**WHAT TO PRODUCE:** All lines in the records that carry the string "cream" are to be shown.

**THE RECORDS:**
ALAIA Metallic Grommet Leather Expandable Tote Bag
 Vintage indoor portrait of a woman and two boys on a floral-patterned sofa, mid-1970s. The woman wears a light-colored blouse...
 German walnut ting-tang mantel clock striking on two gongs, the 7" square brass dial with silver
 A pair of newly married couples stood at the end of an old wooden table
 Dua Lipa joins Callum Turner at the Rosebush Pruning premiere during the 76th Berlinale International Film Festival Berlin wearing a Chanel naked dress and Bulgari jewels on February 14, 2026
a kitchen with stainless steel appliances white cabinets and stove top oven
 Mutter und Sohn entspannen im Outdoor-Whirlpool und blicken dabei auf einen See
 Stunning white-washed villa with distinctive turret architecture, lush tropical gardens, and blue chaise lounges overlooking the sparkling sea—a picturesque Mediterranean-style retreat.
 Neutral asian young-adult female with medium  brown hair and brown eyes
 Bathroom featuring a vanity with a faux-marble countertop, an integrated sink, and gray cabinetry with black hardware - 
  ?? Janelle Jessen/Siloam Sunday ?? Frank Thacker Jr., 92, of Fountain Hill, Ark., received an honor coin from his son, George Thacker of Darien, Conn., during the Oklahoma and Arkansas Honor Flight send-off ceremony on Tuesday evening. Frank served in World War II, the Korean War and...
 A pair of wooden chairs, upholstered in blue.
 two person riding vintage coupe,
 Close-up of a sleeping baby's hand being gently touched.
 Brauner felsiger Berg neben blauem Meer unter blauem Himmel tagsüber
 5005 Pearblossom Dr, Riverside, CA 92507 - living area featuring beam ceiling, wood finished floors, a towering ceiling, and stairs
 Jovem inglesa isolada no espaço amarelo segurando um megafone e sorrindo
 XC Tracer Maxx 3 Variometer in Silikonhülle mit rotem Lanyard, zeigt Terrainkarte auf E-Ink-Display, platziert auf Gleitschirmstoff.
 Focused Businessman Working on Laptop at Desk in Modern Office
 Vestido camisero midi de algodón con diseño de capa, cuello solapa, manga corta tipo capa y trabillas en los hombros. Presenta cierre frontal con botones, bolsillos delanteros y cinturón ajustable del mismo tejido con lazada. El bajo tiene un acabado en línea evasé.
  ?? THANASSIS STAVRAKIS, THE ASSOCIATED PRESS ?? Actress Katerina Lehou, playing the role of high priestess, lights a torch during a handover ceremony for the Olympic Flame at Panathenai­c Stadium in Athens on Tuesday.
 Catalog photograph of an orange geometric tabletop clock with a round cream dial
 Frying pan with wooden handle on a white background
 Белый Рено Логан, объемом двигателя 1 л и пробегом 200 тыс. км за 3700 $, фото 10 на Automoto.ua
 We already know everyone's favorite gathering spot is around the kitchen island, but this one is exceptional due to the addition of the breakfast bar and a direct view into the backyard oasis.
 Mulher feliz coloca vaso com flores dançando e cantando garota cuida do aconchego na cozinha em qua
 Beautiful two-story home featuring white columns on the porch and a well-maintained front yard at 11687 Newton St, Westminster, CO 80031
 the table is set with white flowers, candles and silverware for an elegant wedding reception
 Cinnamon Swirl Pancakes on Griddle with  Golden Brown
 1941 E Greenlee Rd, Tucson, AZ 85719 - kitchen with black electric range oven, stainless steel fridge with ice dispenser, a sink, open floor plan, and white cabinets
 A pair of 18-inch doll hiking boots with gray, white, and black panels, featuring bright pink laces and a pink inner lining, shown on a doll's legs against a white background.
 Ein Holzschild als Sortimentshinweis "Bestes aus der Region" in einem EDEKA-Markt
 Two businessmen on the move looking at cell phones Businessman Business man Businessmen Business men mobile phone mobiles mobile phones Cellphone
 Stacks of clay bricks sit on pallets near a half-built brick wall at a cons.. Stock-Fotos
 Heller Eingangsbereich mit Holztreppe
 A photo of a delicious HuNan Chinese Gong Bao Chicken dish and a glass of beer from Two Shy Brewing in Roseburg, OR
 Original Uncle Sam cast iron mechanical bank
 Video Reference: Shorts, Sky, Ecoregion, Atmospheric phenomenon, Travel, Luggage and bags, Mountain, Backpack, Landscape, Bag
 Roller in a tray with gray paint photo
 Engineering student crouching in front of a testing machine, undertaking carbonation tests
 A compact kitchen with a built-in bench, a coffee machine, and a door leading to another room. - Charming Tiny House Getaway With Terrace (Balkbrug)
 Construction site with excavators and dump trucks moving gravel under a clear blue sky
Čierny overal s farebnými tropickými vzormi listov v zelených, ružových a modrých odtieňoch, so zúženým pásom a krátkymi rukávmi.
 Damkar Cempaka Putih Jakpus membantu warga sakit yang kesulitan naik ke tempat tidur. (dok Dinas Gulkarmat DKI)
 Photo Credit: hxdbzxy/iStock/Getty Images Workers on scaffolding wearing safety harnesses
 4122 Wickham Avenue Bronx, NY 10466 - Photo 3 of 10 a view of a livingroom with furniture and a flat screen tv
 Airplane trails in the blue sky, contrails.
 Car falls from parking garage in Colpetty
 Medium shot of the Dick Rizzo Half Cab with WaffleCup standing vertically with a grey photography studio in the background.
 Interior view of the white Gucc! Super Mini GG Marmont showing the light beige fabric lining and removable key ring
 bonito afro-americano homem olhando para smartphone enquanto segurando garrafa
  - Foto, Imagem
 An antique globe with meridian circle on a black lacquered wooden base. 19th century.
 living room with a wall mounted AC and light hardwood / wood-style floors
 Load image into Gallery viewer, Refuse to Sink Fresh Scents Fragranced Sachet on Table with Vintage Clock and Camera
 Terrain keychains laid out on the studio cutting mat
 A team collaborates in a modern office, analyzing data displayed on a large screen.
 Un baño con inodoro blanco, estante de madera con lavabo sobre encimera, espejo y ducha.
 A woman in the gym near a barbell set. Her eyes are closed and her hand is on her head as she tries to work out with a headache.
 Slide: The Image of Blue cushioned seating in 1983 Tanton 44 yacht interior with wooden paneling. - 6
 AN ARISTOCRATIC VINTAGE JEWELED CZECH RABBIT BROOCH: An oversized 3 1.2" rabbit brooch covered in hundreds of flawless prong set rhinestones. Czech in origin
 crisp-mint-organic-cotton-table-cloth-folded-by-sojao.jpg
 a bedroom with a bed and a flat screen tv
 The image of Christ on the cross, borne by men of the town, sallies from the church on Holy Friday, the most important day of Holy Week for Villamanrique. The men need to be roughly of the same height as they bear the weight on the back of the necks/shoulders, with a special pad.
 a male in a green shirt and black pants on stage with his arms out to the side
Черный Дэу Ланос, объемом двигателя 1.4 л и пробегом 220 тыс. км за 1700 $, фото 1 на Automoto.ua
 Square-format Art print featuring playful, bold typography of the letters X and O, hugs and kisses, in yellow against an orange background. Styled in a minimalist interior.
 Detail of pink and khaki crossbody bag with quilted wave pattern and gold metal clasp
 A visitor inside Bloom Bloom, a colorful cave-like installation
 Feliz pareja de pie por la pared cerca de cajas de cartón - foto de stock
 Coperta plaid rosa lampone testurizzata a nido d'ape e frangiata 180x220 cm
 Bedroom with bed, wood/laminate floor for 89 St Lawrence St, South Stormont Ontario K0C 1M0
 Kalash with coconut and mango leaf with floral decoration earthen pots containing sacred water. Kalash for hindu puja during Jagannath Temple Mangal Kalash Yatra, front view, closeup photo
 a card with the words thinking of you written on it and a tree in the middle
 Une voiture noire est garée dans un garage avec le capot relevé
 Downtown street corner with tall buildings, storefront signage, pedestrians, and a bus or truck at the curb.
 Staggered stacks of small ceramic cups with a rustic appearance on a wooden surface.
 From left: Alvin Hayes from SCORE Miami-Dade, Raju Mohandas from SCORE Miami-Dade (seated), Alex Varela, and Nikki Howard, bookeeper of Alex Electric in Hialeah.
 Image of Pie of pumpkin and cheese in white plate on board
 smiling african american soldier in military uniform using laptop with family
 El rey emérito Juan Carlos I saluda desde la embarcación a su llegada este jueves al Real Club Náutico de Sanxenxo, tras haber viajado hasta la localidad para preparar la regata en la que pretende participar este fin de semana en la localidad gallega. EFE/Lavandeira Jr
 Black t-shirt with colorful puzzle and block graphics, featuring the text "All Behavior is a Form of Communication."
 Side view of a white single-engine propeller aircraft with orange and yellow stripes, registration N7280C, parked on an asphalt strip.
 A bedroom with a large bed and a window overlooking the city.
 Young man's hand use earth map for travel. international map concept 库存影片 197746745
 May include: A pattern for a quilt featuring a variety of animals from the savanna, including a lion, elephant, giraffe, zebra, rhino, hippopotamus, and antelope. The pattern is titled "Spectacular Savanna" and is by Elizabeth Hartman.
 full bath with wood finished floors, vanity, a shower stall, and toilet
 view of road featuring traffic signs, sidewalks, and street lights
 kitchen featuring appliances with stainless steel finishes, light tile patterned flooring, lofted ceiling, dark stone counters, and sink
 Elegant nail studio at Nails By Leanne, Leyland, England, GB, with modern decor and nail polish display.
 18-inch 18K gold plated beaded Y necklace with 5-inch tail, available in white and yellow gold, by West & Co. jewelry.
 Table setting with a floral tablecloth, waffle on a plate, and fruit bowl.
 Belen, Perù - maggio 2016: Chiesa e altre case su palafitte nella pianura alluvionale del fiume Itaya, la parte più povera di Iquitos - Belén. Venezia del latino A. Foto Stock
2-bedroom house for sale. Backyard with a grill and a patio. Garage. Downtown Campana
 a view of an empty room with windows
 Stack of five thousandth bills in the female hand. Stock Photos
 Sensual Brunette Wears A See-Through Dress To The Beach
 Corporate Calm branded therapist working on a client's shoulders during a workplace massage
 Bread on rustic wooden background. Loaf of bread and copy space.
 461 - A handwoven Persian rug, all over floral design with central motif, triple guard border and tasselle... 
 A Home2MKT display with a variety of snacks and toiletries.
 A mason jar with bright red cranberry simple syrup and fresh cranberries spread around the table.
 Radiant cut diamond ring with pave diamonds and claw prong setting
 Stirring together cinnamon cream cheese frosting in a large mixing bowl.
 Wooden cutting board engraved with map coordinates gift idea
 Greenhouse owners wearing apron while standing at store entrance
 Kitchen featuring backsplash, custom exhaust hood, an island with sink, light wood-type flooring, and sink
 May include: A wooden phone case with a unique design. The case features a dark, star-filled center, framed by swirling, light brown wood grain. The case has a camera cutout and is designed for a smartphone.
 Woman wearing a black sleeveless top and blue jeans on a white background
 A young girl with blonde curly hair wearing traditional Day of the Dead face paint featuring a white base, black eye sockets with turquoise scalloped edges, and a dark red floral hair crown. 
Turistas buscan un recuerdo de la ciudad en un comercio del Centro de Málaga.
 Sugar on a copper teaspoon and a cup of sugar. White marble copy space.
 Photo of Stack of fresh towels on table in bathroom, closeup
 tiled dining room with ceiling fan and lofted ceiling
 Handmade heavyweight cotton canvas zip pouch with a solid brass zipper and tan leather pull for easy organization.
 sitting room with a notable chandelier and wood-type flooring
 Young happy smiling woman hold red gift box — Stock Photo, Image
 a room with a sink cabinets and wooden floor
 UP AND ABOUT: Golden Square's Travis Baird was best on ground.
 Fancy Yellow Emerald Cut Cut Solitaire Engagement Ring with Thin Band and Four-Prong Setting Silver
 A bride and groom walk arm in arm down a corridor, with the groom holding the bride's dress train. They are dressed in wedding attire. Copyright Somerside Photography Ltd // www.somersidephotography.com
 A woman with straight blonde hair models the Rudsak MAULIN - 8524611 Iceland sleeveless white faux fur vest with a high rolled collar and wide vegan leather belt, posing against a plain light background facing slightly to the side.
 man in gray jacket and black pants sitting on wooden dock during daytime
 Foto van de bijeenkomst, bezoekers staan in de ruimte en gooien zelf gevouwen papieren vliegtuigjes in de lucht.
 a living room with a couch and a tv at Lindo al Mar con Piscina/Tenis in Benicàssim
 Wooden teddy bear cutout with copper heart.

**RESPONSE TO THE EXERCISE:**
 Catalog photograph of an orange geometric tabletop clock with a round cream dial
 Stirring together cinnamon cream cheese frosting in a large mixing bowl.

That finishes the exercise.